There wouldn’t be many people who have assayed the New Zealand (well, mostly Auckland really) art scene as thoroughly, knowledgably and over as wide a time frame. Certainly The Critic’s Part fleshes out late twentieth century New Zealand art in a way that is long overdue. As one might expect, all the older white male modernists are there, Billy Apple, Colin McCahon, Max Gimblett, Gordon Walters and Stephen Bambury, looking resplendent. There is some truly wonderful stuff, especially on conceptual and experimental art that few people had any ability to judge. The 1985 piece on Phil Dadson and the Scratch Orchestra and the poetic-impressionistic L=A=N=G=U=A=G=E-inspired (at times frustratingly so - never upstage the talent!) 1973 account of Bruce Barber’s Mt Eden Crater Performance are gold. One can see the self-conscious note form of something like the 1983 “Identikit Portrait of an Expressive Realist” having an influence on the prosody of Justin Paton and Jonathan Bywater. The 2007 piece on Tom Kreisler may very well be one of the most significant things written about that much-underrated artist. Canonical stuff.
There is rather a lot about Billy Apple. I mean a lot. So much f***king Billy Apple. Four essays of which Apple is the exclusive subject. Now I realise Barton probably had this artist foremost in her mind with the big Auckland survey she curated for this year, no doubt already fermenting away during the book’s assemblage, but come on: Apple’s significance is primarily that he was early and he was ours. Fair dues; he invented commodity art at least a generation before the art world caught up, and he kept on trucking with it, blissfully immune to the vicissitudes of taste, to the present day. That’s about the beginning and end of it. I really don’t think that warrants more space than anyone else when so many have been left out. Curnow’s 1975 article “Doing Art Criticism in New Zealand” is notable by its absence and would have been far more deserving of one of those slots.
For the most part, Curnow’s style, while not afraid to experiment, is very much informed by the New Journalism in the US; particularly, I’d hazard, that sneering, ill-fitted-white-suited goblin Tom Wolfe and doughty, indefatigable Robert Hughes.
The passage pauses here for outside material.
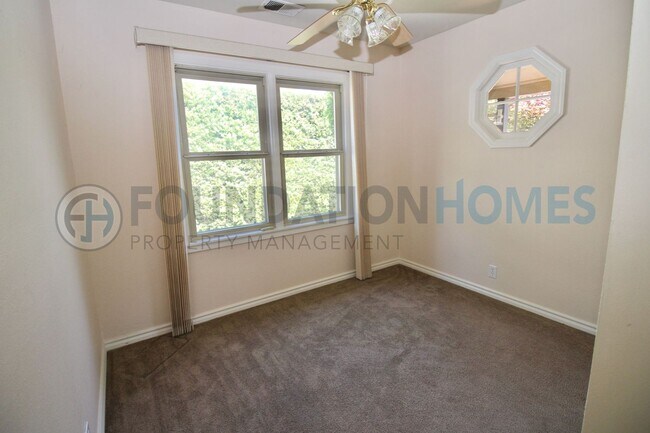 Building Photo - 130 Suffield Ave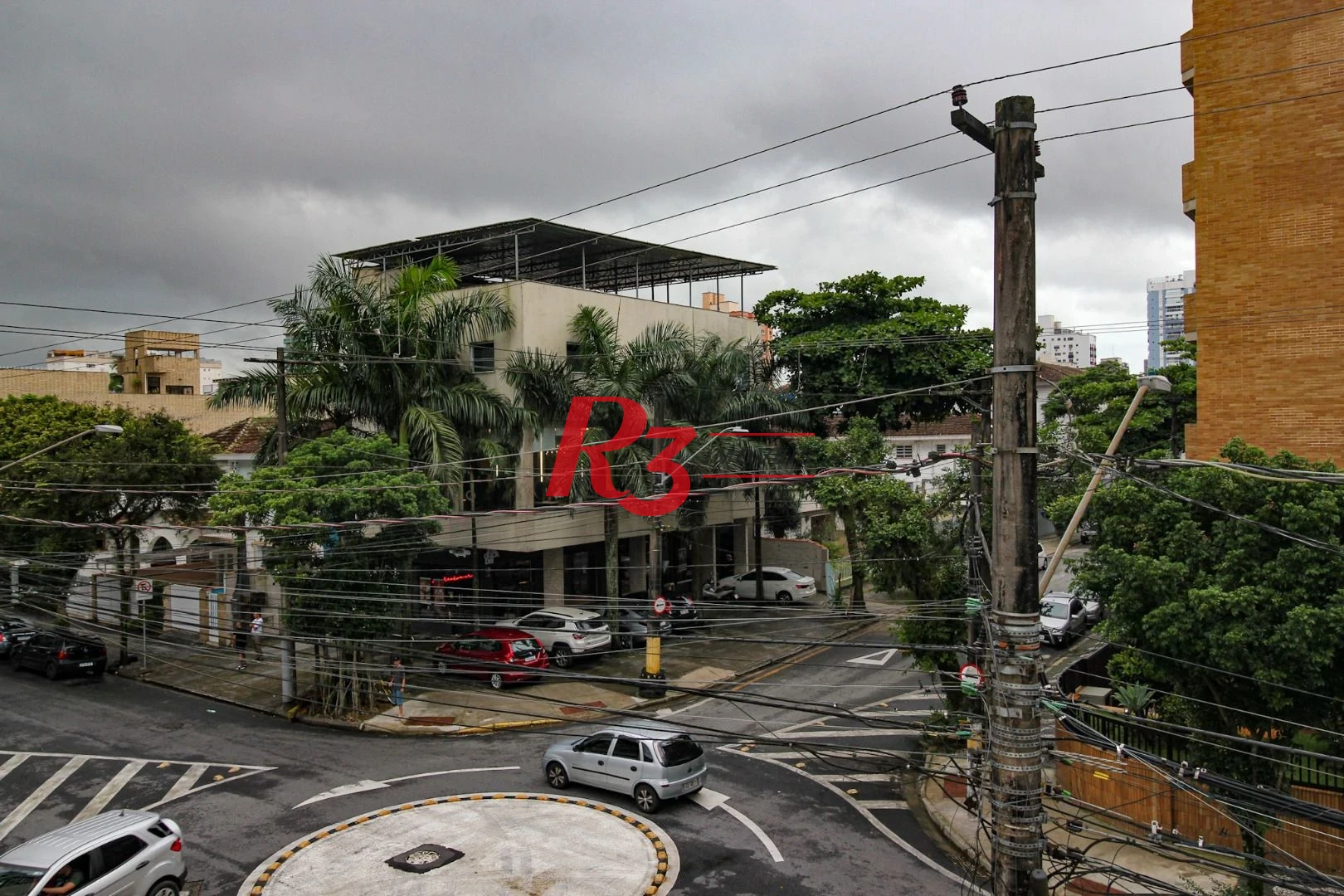 Casa com 3 dormitórios à venda, 155 m² por R$ 1.910.000,00 - Embaré - Santos/SP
This comes across in the tendency to set up ambivalent rhetorical paradoxes, the intrusion of incidental real-life elements of the experience on the day, and a general air of world-weary jadedness since superseded in art writing by an international tendency to glib folksiness and faux-naivety. Curnow’s jadedness, however, may simply be the culture-shock of returning to sleepy, complacent Godzone from the metropolis of which Hughes once memorably asked, “Could a city with such extremes of Sardanapalian wealth and Calcutta-like misery foster a sane culture?” Understandably so. Peter McLeavey had only been operating out of his Cuba Street gallery in Wellington since ‘68, Brooke-Gifford wouldn’t start up in Christchurch until ‘75, Art New Zealand wasn’t being published continuously until ‘76, and the public galleries were still inclined to a fustian stuffiness.
Certainly one feels that ennui underpinning Curnow’s seminal 1973 essay “High Culture in a Small Province” - seemingly, at least to me, consciously modelled, if unacknowledged, on Bill Pearson’s still very readable 1952 essay “Fretful Sleepers”. There is a definite shrill note of dismissive spleen bordering on the bitchy in “The New Zealand Young Contemporaries”, and the Big Apple scene receives some shameless Fernweh-fellatio in the opening paragraphs of “Morris Louis at the Auckland City Art Gallery”, both from 1971. Fair enough. Who wouldn’t? By the exuberant ‘80s the peevishness has died away. New Zealand was coming into its own and technology had dealt to the cliché of distance looking our way.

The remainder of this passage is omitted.